Charlotte Le Bon’s ethereal feature film kicks off UW Cinematheque’s summer schedule on June 28, at 7 p.m.
Charlotte Le Bon’s feature-length debut, Falcon Lake (2022), delights in a playful self-awareness of coming-of-age tropes in an ethereal drama based on Bastien Vivès’ seemingly autobiographical 2017 graphic novel, Une sœur. In layering familiar narrative dimensions with a wandering sense of supernatural fantasy, Le Bon sets up two families converging at a lakeside cabin in Gore, Québec. Naturalistic dialogue, at once innocently flirtatious and carnal, reveals soon-to-be 14-year-old Bastien (Joseph Engel) crushing on his mother’s friend’s daughter Chloé (Sara Montpetit), not quite three years his senior.
The premise and approach to the material somewhat echoes the menace and teasing tenderness of Eliza Hittman’s It Felt Like Love (2013), with the same warm, analogue color depth of Alice Rohrwacher’s films (2018’s Happy As Lazzaro or 2014’s The Wonders, both shot by Hélène Louvart). Falcon Lake always seems to be caught in the soft summer light of either dawn or dusk, or both—perhaps a projection of the haze of Bastien’s yearnful memory. In these sweltering months of the year, it’s as if the daylight and his fraught infatuation never fully wane; they’ve just momentarily submerged or suspended in the rippling water where he and Chloé tend to drift in their enchantment.

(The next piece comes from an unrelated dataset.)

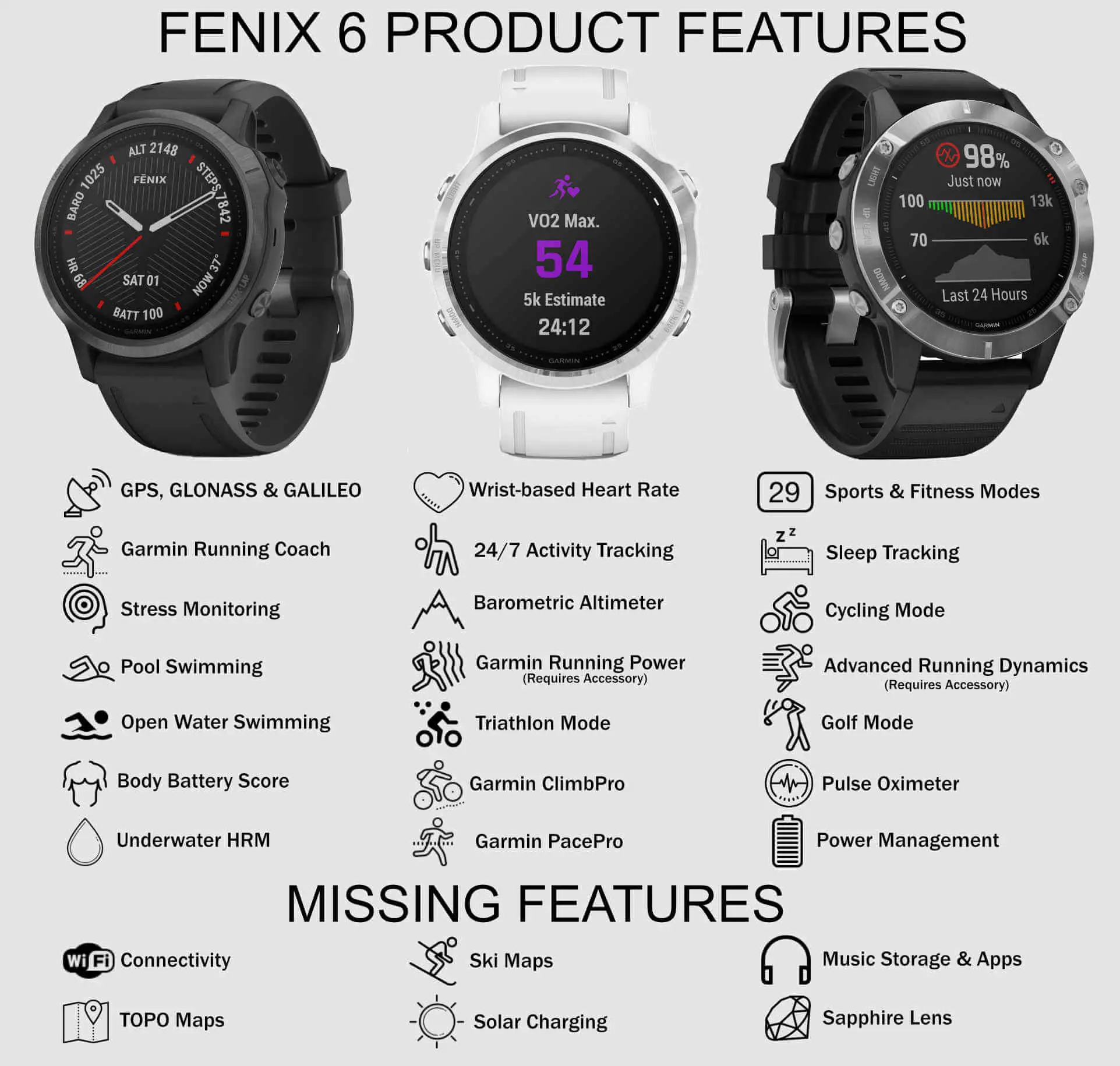 Garmin Fenix 6 Comparison Chart - 5KRunning.com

Hailing from an acting background herself, Le Bon pays ample attention to the bodies, language, and body language of both Engel and Montpetit. Whether it’s a strikingly funny moment that involves masturbation, a half-drunken jealous stare across a bonfire and a sea of dancing bodies, or an affectionate nestling of a check into another’s back, scenes flourish in the exceptional care imparted to characters’ emotional logic. In these slices of life, mechanics of a resolute story are tethered to recurring murmurs of tragic folk legend. Rearing their head in interstitial framings of a figure in a white sheet standing among the waterlogged landscape, these hauntological touches evoke David Lowery’s A Ghost Story (2017).
Ultimately, Falcon Lake emerges as an inviting, subtly original union of modes and genres, which is forged almost solely in the wistful relationship between two teenagers’ alternating social dilemmas and sweetly intimate confessions. An artfully fitting summer-season opener for UW Cinematheque on Wednesday evening, June 28.